Authors: Nancy Ryan, Partner, eMobility Advisors; Alissa Burger, Regional Policy Director, CALSTART; Jenifer Bosco & John Howat National Consumer Law Center; Miles Muller, Natural Resources Defense Council
The report, Best Practices for Sustainable Commercial EV Rates and PURPA 111(d) Implementation, summarizes commercial EV rate design solutions put forth so far by utilities across the country and distills a set of core principles for future rate reform efforts required by amendments to PURPA 111(d) under the infrastructure Investment and Jobs Act. The report discusses how regulators and utilities can look to rates recently adopted in several states as helpful models for designing long-term, sustainable solutions for improving the economics of commercial EV charging, without subsidizing EV charging or shifting costs to other customers.

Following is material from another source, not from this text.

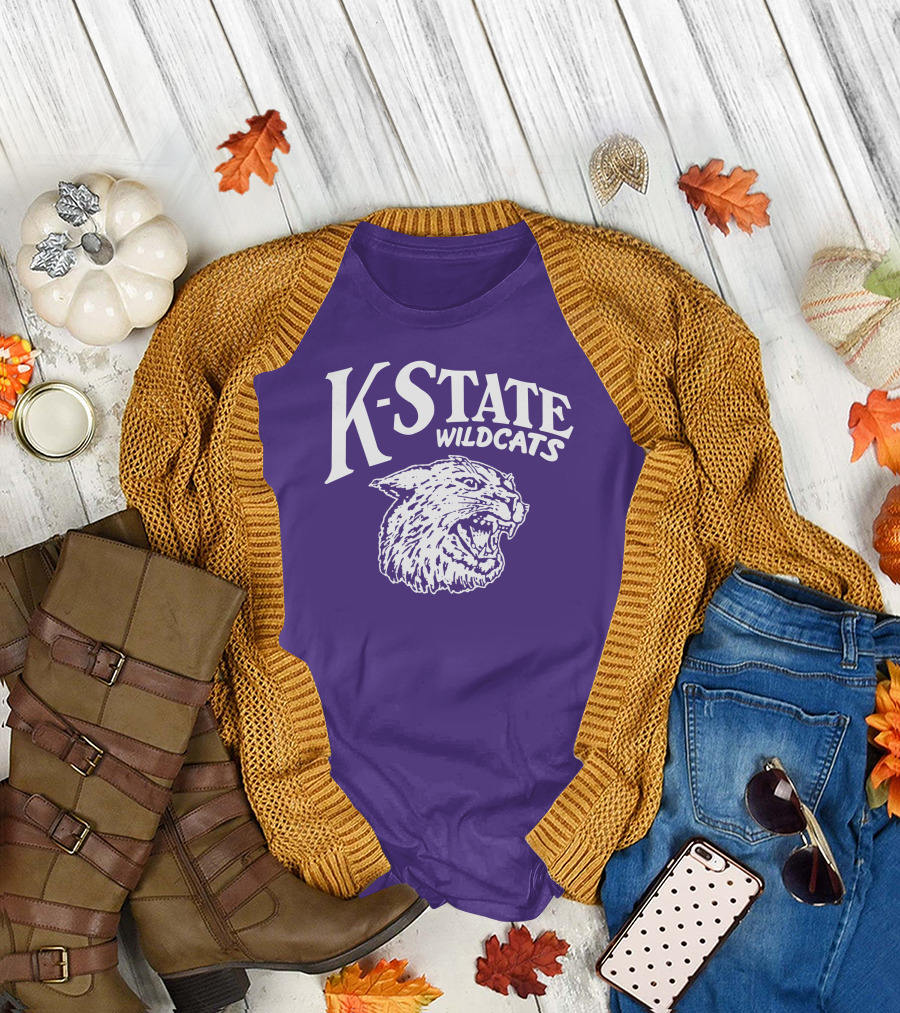 Charlie Hustle K-State Wildcats Vintage Purple Mascot T-Shirt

Traditional commercial and industrial rates—designed for large buildings and industrial operations rather than electric buses, trucks, and public fast charging stations—can present a barrier to commercial EV adoption by erasing fuel cost savings relative to gasoline or diesel. Fortunately, some utilities have already recognized the imperative of commercial EV rate reform and that an electric transit bus that charges overnight isn’t the same thing as a factory that’s running around the clock. The amendments to PURPA 111(d) now require regulators and nonregulated utilities that haven’t already followed suit to consider new rates to support transportation electrification. The report provides a roadmap for regulators and utilities looking to develop new commercial EV rates consistent with the PURPA 111(d) amendments.